2. Sowan

1.1K 173 27
                                    

"Penyesalan memang selalu hadir di belakang. Tak ada isyarat, bahwa dia akan datang. Namun, kita tidak bisa memutar detik waktu yang berdetak ke belakang, bukan?"

***

Mungkin usul Papa ada benarnya. Keluarga Bima harus tahu. Tapi, masalahnya kalau sudah tahu mau apa? Bima sudah berpulang dan laki-laki itu tak bisa mempertanggung jawabkan kesalahan mereka berdua.

"Solusi gimana, Pa?" tanya Mama melengking. Alisnya sudah menukik karena didera rasa penasaran. Biasanya memang Papa selalu memberi ide aneh yang membuat Mama tambah pusing.

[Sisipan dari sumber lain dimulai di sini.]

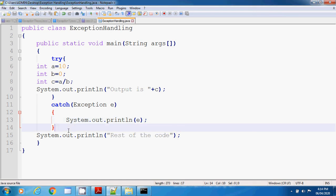So we have discussed try and catch blocks. In coming sessions we will be discussing the finally block, multiple catch statements, throw, and throws respectively.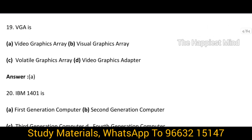Question 19: VGA is — the answer is option A, Video Graphics Array. VGA stands for Video Graphics Array.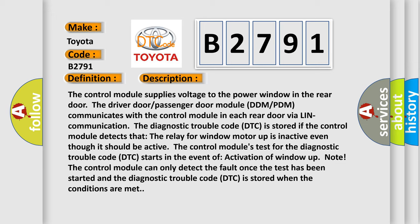The driver door passenger door module (DDMPDM) communicates with the control module in each rear door via link communication. The diagnostic trouble code (DTC) is stored if the control module detects that the relay for window motor up is inactive even though it should be active. The control module's test for the DTC starts in the event of activation of window up. The control module can only detect the fault once the test has been started, and the DTC is stored when the conditions are met.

Papa mengembuskan napas kasar sejenak. Dia menatap Kirana yang pura-pura masih tertidur lalu melanjutkan ucapannya. "Bima ... punya kembaran bukan?"

Sepertinya, Kirana mulai paham kemana arah pembicaraan ini. Dan, sebelum semua menjadi keruh, Kirana pun lantas menyudahi sandiwaranya.

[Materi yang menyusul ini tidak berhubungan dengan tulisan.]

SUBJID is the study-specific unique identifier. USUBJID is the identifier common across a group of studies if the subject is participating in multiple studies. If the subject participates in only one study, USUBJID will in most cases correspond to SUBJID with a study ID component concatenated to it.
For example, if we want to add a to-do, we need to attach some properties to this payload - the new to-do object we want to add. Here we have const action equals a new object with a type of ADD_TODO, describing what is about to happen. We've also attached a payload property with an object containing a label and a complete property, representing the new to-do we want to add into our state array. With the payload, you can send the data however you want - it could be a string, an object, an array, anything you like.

"Enggak, Pa!" pekik Kirana. Dia seketika menegakkan separuh tubuhnya dan menyibak selimut.

Ekspresi Mama langsung kecut begitu melihat Kirana yang tampak segar. Suara sekeras itu sangat tidak cocok dengan kondisi seseorang yang baru saja pingsan.

"Enggak, Pa!" Kirana memohon. Kedua telapak tangannya saling bergesekan naik turun sambil memberi tatapan memohon belas kasihan. Ide Papa kali ini sangat absurd.

Alis Mama mengernyit. "Nggak piye (gimana)?"

Kirana melirik Mama yang ternyata belum bisa mencerna maksud Papa. "Nggak mau ngikutin ide Papa, Ma. Kiran tahu maksud Papa. Mas Bisma nggak salah apa-apa. Dia nggak berbuat ... nggak seharusnya dia yang menanggung akibat."

"Bis ... Bisma?" Kepala Mama meneleng. "Kenapa kamu nyebut ...? Tunggu Mama paham sekarang. Maksud Papa, Bisma yang diminta gantiin kembarannya gitu buat nikahi Kirana?" Mama memang terkadang telat menangkap maksud pembicaraan bila kepalanya panas. Namun, kali ini sepertinya Mama berusaha mendinginkan otak agar bisa berpikir jernih.

Papa mengangguk, menjawab pertanyaan Mama.

Seketika Mama membeliak. Matanya kemudian mengerjap berulang saat otaknya menimbang saran Papa. Sesudahnya Mama tak bereaksi seperti biasanya bila tidak menyetujui ide random Papa. Melihat diamnya Mama, Kirana menggeleng berulang. "Nggak, Ma. Jangan ...." Mata Kirana memerah. Bagaimana bisa dia menikahi kembaran tunangannya? Terlebih Bisma orangnya terlihat ramai, gaul, dan ... playboy! Sangat bertolak belakang dengan kepribadian Bima yang tenang, pendiam, dan sangat posesif.

"Semua sudah terjadi. Mau gimana lagi? Hanya ini satu-satunya cara untuk menyelamatkan muka keluarga kita," kata Papa.

"Tapi ... tapi ... pernikahan itu kan didasari cin ... ta ...." Kirana berusaha mengelak.

Papa terkekeh miris. "Cinta bisa datang karena terbiasa. Orang zaman dulu buktinya bisa langgeng sampai kakek-kakek dan nenek-nenek, padahal pernikahan mereka dijodohkan. Setelah menikah, komitmen untuk memelihara janji pernikahan yang diperlukan."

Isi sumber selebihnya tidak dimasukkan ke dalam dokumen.